Auch auf dem Sportplatz des Dahlenburger SK wird es in dieser Saison keine Spiele mehr geben. (Foto: be)

NFV bricht Fußball-Saison ab

Die Spielzeit ist abgebrochen, zudem werden alle Partien annulliert. Damit ist eine fünfmonatige Hängepartie zu Ende gegangen

Lüneburg. Die Fußball-Saison in Niedersachsen ist Geschichte. Der Vorstand des Niedersächsischen Fußballverbands (NFV) und die 33 Kreisvorsitzenden entschieden sich mehrheitlich (86 Prozent) für einen Abbruch der Saison. Zudem wird die Serie annulliert, so als hätte es sie nie gegeben.

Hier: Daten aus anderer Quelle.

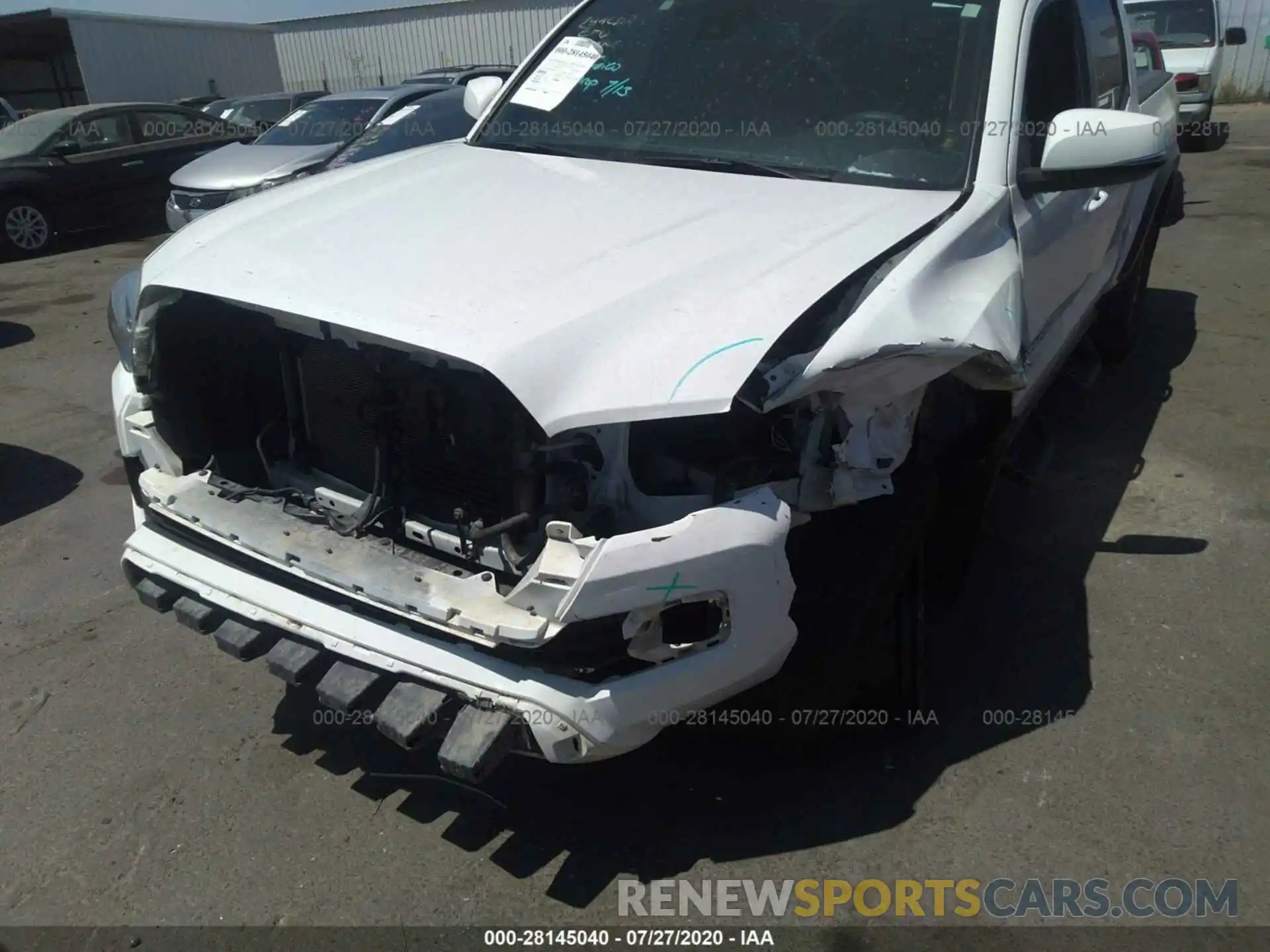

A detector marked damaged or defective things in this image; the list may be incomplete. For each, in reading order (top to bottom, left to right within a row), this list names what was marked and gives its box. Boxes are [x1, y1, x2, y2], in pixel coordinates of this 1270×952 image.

crumpled front hood [174, 139, 345, 190]
crumpled front hood [144, 141, 954, 436]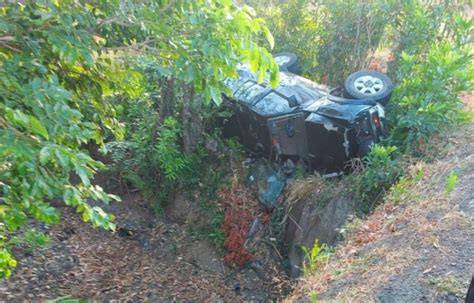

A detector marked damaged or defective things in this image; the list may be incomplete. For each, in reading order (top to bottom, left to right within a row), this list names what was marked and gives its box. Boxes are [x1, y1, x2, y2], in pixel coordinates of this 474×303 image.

overturned car [222, 53, 392, 175]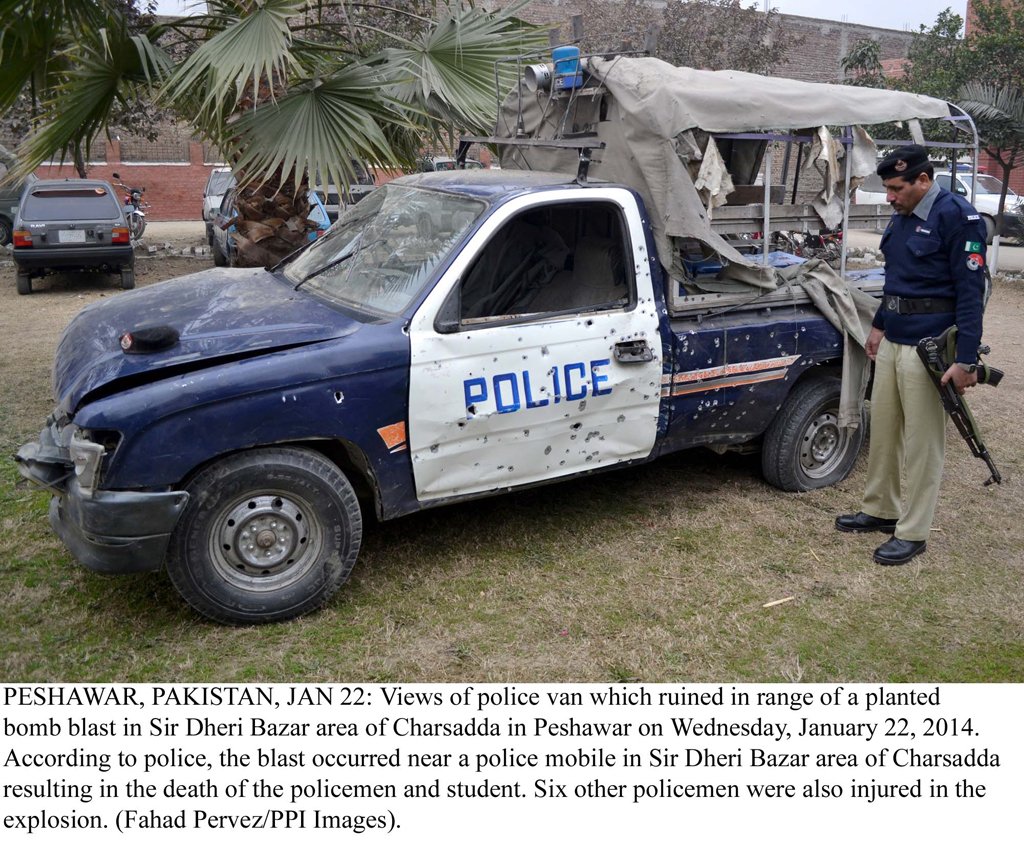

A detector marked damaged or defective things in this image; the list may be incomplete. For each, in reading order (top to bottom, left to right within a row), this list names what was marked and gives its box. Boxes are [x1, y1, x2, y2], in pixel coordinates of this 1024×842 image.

Das gilt von der Oberliga abwärts bis in die niedrigste Kreisklasse.

Unklar ist nur noch die Auf- und Abstiegsregelung an der Schnittstelle Regionalliga/Oberliga. Spitzenreiter SV Ramlingen/Ehlershausen sowie der Tabellenzweite 1. FC Germania Egestorf/Langreder können somit weiter auf den Einzug in die 4. Liga hoffen.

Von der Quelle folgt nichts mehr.